SDK files at a glance

src/
├── index.ts                    # public exports
├── adapter.ts                  # discord() factory + DiscordAdapter (PlatformAdapter impl) + discord.js wiring
├── event-renderer.ts           # createRunRenderer: AG-UI subscriber → stream + tool/interrupt capture
├── interaction.ts              # decodeInteraction (customId / v: unpack)
├── render/
│   ├── components-v2.ts        # renderComponents / renderDiscordMessage (IR → Components V2)
│   └── budget.ts               # DISCORD_LIMITS + truncate/clamp degradation
├── discord-listener.ts         # Gateway events → IncomingTurn / IncomingCommandRaw (filters)
├── conversation-store.ts       # In-memory Discord-backed conversation reconstruction
├── chunked-message-stream.ts   # multi-message chunking + markdown transform
├── message-stream.ts           # per-message message.edit queue + throttle
├── markdown.ts                 # md → Discord markdown (tables → fenced blocks)
├── auto-close-streaming.ts     # mid-stream bracket closer
├── download-files.ts           # inbound Discord attachment → multimodal content parts
├── commands.ts                 # registerCommands (guild/global) + jsonSchemaToDiscordOptions
├── built-in-tools.ts           # lookup_discord_user + defaultDiscordTools (as BotTools)
├── built-in-context.ts         # tagging / markdown / convo-model context entries
└── types.ts                    # IncomingTurn, ReplyTarget, conversationKeyOf

What's intentionally not abstracted

  • No abstraction over discord.js.

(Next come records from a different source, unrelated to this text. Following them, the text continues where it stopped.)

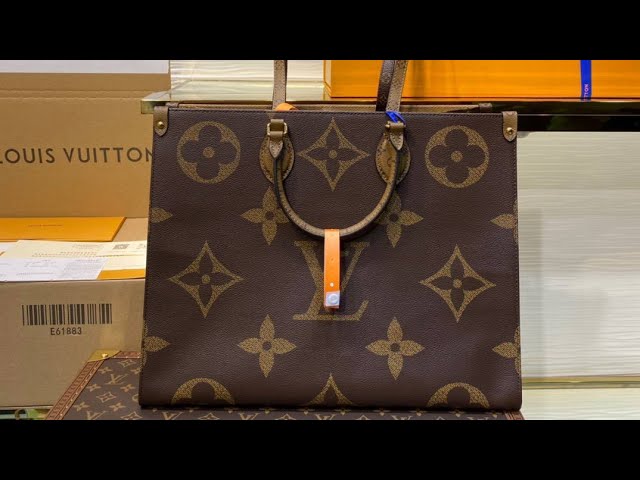 Louis Vuitton Tilsitt Monogram Reverse autres Toiles Monogram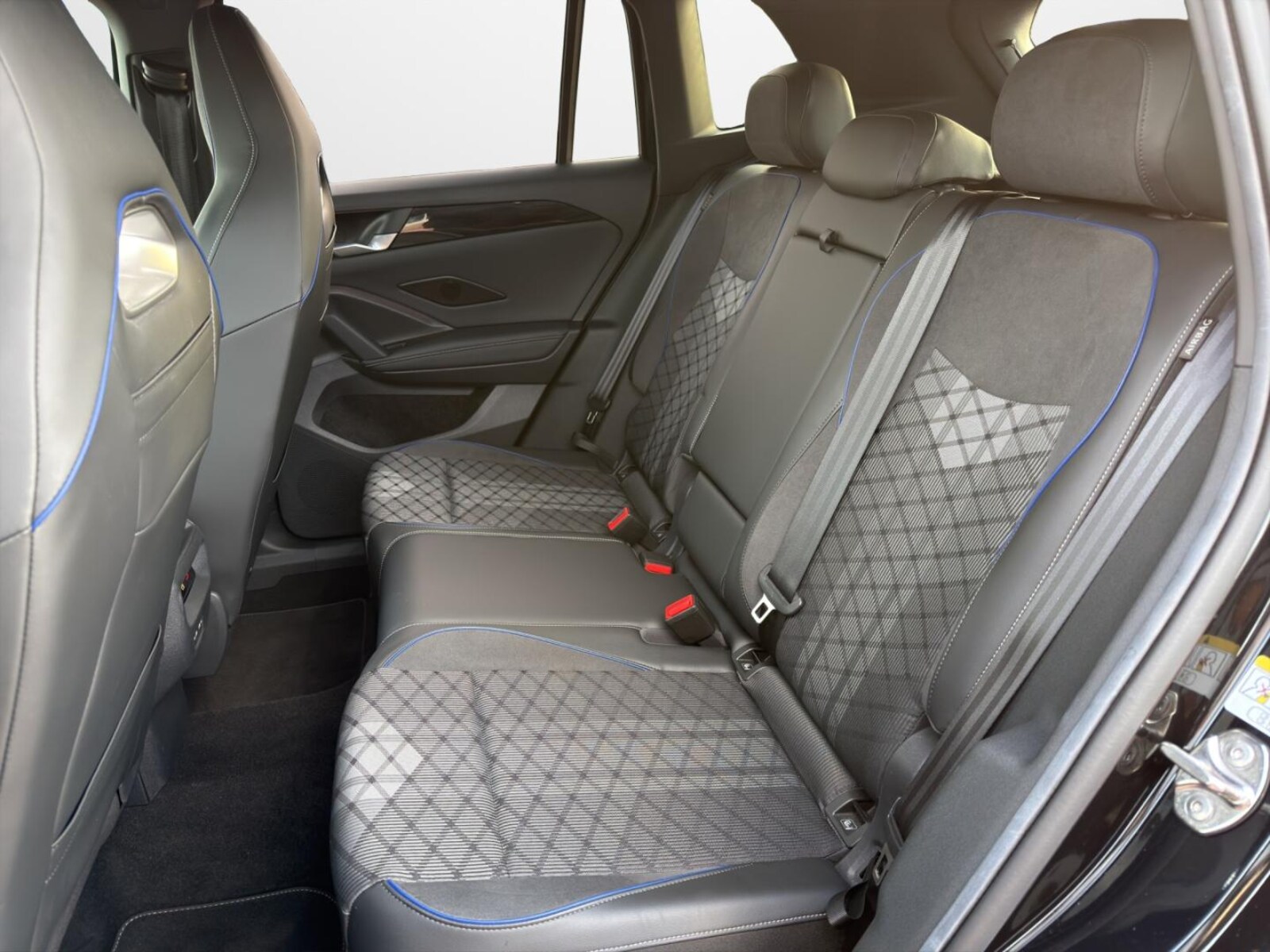 Volkswagen Tiguan – Bild 11
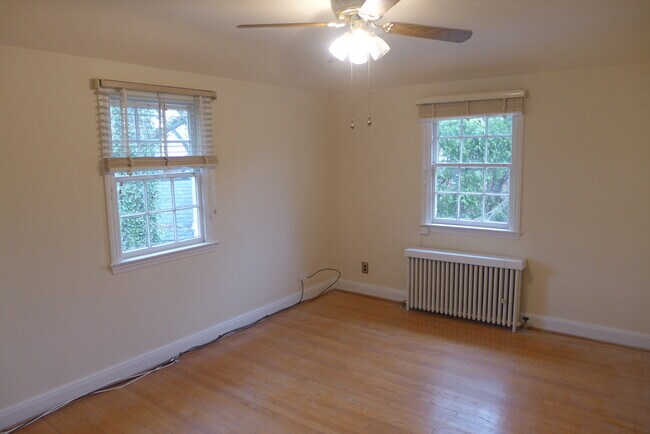 Building Photo - 300 Woodbourne Ave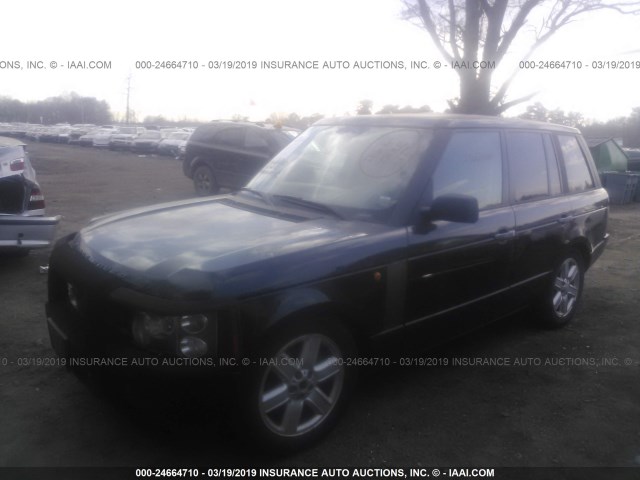 SALME11464A150505 - 2004 LAND ROVER RANGE ROVER HSE BLACK photo 2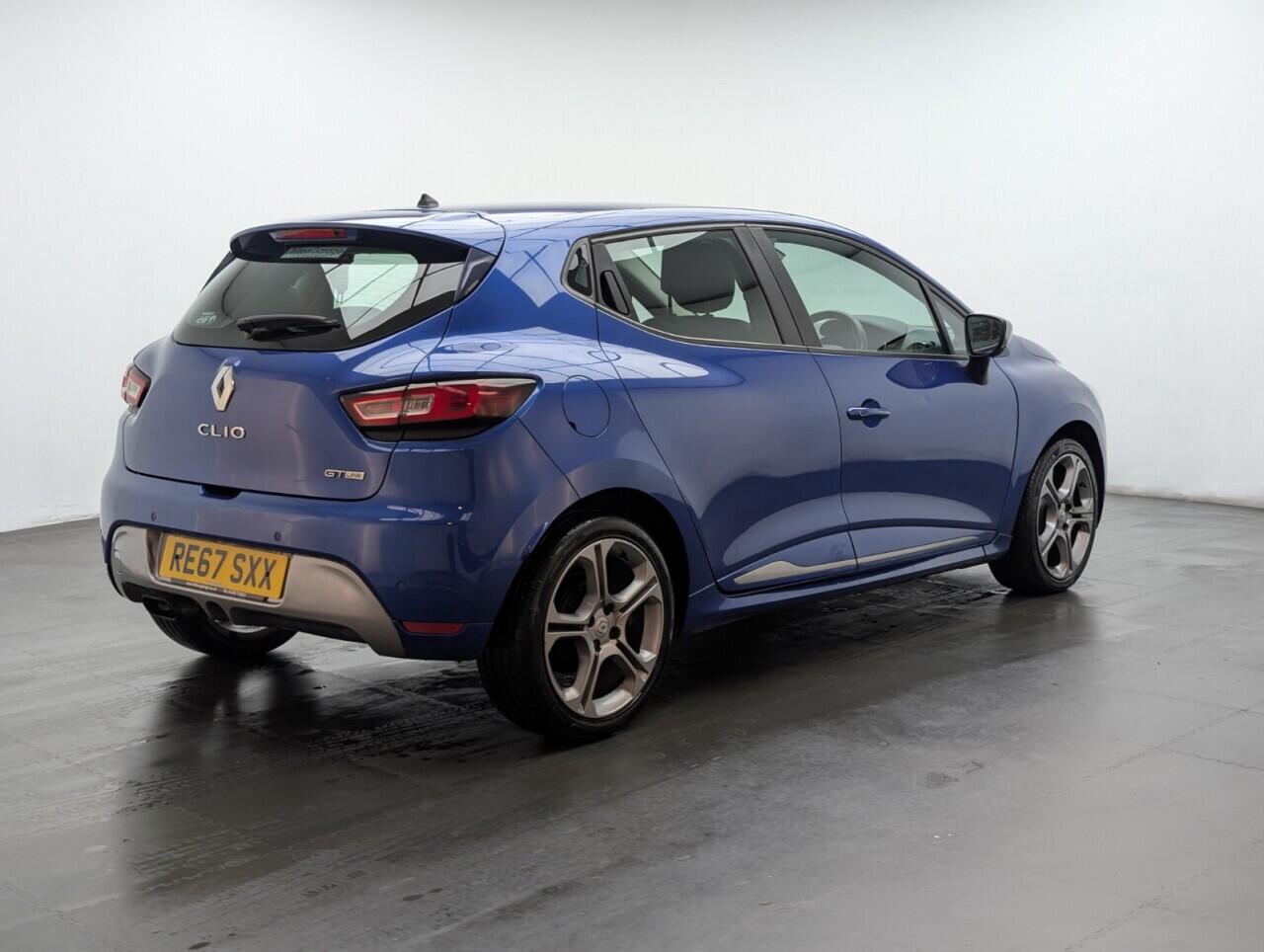 Used Renault Clio 2017 for sale - 76584588: Photo 8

If you use this package, you're talking to Discord via discord.js directly.
  • No durable Discord-side state. The next turn rebuilds context from Discord channel history; restarts are safe for conversation history by construction. (The engine's ActionStore is separately in-memory in v1, so inline interaction handlers expire on restart — see the @copilotkit/bot README.)
  • No modal support in v1. <Input> components are modal-only on Discord and are skipped with a console warning. supportsModals is advertised as false.